Anita Briem (born 29 May 1982) is an Icelandic actress. She is known for her role as Queen Jane Seymour on The Tudors and her role as Hannah Ásgeirsson in Journey to the Center of the Earth.

Personal life
Briem was born on 29 May 1982, in Reykjavík and is the daughter of drummer Gunnlaugur Briem of Mezzoforte and back-up vocalist Erna Þórarinsdóttir. She started acting when she was nine at the National Theatre of Iceland. She moved to England at the age of sixteen, graduating from the Royal Academy of Dramatic Art in London in 2004 having received the John Barton award in Stage Fighting.
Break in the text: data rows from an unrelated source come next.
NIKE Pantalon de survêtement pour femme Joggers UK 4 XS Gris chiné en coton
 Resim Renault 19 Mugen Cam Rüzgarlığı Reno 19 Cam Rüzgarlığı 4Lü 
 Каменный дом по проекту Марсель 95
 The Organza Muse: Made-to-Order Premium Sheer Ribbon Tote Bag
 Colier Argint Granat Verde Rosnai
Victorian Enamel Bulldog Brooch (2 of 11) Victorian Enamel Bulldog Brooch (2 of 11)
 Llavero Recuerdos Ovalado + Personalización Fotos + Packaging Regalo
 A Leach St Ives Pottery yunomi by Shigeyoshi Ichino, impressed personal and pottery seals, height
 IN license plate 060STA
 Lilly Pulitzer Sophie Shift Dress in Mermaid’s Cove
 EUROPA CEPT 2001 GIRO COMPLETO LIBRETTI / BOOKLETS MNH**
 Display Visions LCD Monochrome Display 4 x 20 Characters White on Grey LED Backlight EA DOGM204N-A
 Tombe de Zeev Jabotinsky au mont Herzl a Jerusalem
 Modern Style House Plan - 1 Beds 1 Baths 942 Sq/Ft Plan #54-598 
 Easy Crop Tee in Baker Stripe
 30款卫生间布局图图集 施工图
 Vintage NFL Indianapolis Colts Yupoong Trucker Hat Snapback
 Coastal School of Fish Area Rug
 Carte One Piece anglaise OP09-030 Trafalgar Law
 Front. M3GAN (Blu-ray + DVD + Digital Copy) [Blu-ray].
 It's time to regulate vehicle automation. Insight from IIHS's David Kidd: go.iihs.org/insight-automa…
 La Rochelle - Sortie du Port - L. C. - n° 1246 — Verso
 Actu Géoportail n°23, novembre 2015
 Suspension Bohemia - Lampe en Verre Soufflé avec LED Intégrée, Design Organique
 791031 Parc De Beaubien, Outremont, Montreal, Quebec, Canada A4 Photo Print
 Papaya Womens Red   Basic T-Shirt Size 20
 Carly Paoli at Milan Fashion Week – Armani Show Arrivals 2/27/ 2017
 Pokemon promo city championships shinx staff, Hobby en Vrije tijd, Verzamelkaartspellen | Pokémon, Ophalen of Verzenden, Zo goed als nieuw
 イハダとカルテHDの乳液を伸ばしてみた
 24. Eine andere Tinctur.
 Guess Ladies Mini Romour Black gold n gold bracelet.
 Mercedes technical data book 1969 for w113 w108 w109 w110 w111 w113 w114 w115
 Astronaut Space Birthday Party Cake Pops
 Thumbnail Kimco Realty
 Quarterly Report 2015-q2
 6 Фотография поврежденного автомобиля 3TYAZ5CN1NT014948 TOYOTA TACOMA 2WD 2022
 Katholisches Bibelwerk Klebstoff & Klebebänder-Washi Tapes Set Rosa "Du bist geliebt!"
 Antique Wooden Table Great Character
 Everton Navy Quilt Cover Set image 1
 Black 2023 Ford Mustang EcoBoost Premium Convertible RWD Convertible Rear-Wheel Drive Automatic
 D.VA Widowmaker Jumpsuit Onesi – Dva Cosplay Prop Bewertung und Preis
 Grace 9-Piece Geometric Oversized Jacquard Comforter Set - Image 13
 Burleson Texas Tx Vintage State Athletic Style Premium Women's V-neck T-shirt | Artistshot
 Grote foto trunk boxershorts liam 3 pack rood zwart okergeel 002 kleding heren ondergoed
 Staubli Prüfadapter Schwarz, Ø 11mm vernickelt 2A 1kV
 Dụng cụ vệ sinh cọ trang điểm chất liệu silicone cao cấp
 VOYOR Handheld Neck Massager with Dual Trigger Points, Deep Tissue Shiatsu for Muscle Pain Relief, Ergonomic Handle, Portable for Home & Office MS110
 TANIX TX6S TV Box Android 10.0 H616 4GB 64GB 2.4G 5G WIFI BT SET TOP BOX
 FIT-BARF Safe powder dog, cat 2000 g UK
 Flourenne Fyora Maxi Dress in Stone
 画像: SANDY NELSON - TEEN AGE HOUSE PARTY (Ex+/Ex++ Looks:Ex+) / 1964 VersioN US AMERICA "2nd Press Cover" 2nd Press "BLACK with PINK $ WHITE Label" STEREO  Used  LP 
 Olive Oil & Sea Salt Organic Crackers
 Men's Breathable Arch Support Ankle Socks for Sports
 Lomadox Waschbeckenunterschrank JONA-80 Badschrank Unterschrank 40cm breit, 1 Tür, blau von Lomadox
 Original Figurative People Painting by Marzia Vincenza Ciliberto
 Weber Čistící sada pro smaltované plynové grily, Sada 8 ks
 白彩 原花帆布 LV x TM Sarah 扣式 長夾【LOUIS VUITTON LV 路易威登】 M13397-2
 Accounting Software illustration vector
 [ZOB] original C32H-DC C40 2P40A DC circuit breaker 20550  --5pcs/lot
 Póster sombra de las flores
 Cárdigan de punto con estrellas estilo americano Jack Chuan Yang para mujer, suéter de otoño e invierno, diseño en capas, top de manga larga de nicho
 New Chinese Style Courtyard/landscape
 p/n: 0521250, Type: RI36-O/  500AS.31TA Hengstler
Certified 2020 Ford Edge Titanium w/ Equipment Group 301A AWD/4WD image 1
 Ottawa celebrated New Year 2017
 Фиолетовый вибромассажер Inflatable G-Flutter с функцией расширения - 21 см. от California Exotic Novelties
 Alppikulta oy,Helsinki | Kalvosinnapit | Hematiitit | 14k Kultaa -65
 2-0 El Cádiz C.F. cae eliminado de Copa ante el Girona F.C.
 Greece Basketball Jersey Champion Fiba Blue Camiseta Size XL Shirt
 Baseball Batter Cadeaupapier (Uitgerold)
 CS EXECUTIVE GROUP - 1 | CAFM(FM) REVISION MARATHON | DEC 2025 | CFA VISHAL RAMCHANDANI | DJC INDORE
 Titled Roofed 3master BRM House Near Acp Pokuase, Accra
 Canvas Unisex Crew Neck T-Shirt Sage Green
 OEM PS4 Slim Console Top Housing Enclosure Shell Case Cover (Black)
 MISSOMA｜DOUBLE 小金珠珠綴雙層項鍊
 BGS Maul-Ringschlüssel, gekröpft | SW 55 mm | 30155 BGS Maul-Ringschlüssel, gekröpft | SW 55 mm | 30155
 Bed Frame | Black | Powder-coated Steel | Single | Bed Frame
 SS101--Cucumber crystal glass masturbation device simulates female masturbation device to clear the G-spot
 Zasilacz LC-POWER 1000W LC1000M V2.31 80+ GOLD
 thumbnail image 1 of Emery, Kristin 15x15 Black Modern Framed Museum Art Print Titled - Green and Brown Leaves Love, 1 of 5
As a child she studied hand-to-hand combat and is trained in a variety of weaponry including the broadsword. She is married to actor/director Constantine Paraskevopoulos.

Career
Briem starred in Journey to the Center of the Earth as the female action hero lead, and also had major roles in the films Dylan Dog: Dead of Night (2011) and Elevator (2011).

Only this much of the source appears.